In the beginning, photographers had huge massive cameras like the Calumet 8x10 view camera, or the Horseman 5x7 View camera. This type of camera was limited to 1 sheet of film at a time. To be more accurate the individual holders, did hold two sheets at a time. You took one shot then flipped it over to expose a second shot. Then we moved into medium format cameras like the Mamiya RB67 or Hasselblad 4x5 camera these had film backs that held 8 or 10 shots at a time.

For the last 50 years or so, the most popular consumer format has been the 35mm camera, which took rolls of film with 12, 24, or 36 exposures possible. Now with the popular digital format cameras, it is literately possible to shoot thousands of photos on a single memory card.

Master photographers like Ansel Adams or Edward Weston were known to spend hours or even days to get a single shot. As a member of the Sierra Club; Adams for example would often hike a full day with pack mules, packers, cooks and others just to get to the right location. He would find the perfect location, and then wait for the perfect light. He was in tune to every highlight, shadow, shape and line that made up his magnificent work.
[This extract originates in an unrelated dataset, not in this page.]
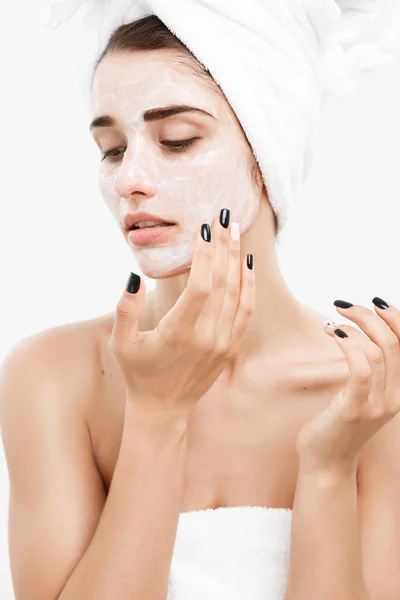 Beauty Skin Care Concept - Beautiful Caucasian Woman Face Portrait applying cream mask on her facial skin white background. — Stock Photo, Image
When 35mm cameras added power winders modern photographers boasted of being able to shoot a roll of 36 pictures in just over 7 seconds. Somehow, that just doesn't seem like the same level of dedication or even understanding as those who showed us the way.

In the process of making camera's lighter and able to do more, hold more, and shoot more have we actually made ourselves less about creativity, and more about mass production?

When I was a high school photographer, I often shot two or more rolls of 36 exposures at a sporting event or drama production. When I got to college; one of the Master Photographers in my life (David Meyers), critiqued my work again and again. Eventually, he only gave me a single 24 exposure roll to shoot ANY event. "Don't show me how much you can shoot," he would say, "Show me how good you can shoot."

It's been over 30 years since I heard those words, and a lot has happened in the world of photography since then. But truth is still truth, and the wisdom of what he taught will never leave me. Just because you can shoot multiple shots in a few seconds, doesn't mean you should. You decide, do you want to be lucky or do you want to be good?